One reason behind the merging of the public sector banks which would facilitate the emergence of “big banks” is the thinking that India needs big corporations to compete in the global markets. The idea goes back to 2002 when the Monopolies and Restricted Trade Practices (MRTP) Commission of the 1970s vintage was replaced by the Competition Commission of India in 2002 and the then law minister Arun Jaitley explained the need to enable Indian companies to grown big enough to stand up and be counted in the global market arena. China was always cited as an example that had a couple of huge banks. Of course, this was all before the “too big to fail” scare of 2008!
The flaw here is that allowing big players to emerge is not a case of big thinking. What is needed is a breakthrough in ideas and in technologies that will throw up the big players as a natural consequence. The Chinese government did not allow Jack Ma’s Alibaba to become a big player. It happened. The problem in India is that the government wants to incubate entrepreneurs and incubate the big players. It does not work.

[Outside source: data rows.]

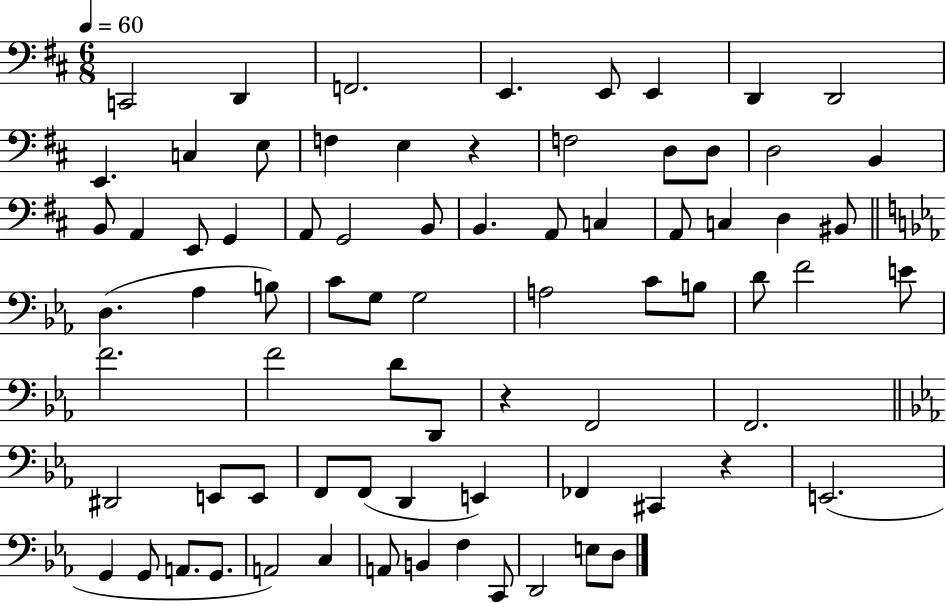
X:1
T:Untitled
M:6/8
L:1/4
K:D
C,,2 D,, F,,2 E,, E,,/2 E,, D,, D,,2 E,, C, E,/2 F, E, z F,2 D,/2 D,/2 D,2 B,, B,,/2 A,, E,,/2 G,, A,,/2 G,,2 B,,/2 B,, A,,/2 C, A,,/2 C, D, ^B,,/2 D, _A, B,/2 C/2 G,/2 G,2 A,2 C/2 B,/2 D/2 F2 E/2 F2 F2 D/2 D,,/2 z F,,2 F,,2 ^D,,2 E,,/2 E,,/2 F,,/2 F,,/2 D,, E,, _F,, ^C,, z E,,2 G,, G,,/2 A,,/2 G,,/2 A,,2 C, A,,/2 B,, F, C,,/2 D,,2 E,/2 D,/2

India’s approach to privatising the public sector suffers from feeble thinking as well. We have before us two models, one of Boris Yeltsin allowing the state-run units to be grabbed by one and all, and who in turn did not fail to turn them around into profit-making enterprises. Russia lived up to the adage of selling the family silver. The other is the Chinese model where the public sector units were run like private enterprises and turned into profitable ventures.
The assets of the PSUs in India are so high that they can be leveraged and monetised. In 1991, the plan was to sell PSU shares to the public to make them owners. When private sector players buy the PSUs, they may not turn them around but sell-off in turn. For private sector players, it is but natural to sell off a loss-making unit. It would have been justified if the private sector was building assets of its own to replace those of the PSUs. It is not happening. So, the government requires a more innovative plan.
Governments cannot be expected to think clearly and critically about the markets. The stakes are high because a free-market economy is needed to defend the freedom of individuals. That is why we need fresh ideas on how to handle the inherent vagaries of the market.
When Detroit’s auto majors closed shop, the factories were made into museums instead of torn down. In Mumbai, after the textile mills were closed in the 1980s, the complexes were turned into malls. Some of the old film studios like Mehboob Studio became places for art exhibitions. The private sector must continue to build new assets to keep the economic engine running.
Free-markets have had their share of crises in the last 40 years, and they have managed to recoup because the evils that caused those crises were nailed. And so, it became possible to move forward. What we need now is a critique of the market economy in India for the last 30 years. That is the only way to handle the inherent vagaries of the market.
Governments, including Modi’s, cannot be expected to think clearly and critically about the markets. The stakes are high because a free-market economy is needed to defend the freedom of individuals. The state, with its ingrained authoritarianism, must be kept at bay to preserve freedom, and the market economy is a necessary bulwark.
(Parsa Venkateshwar Rao Jr is a senior journalist and political commentator. He is the author of several books on Indian politics. The views expressed are personal.)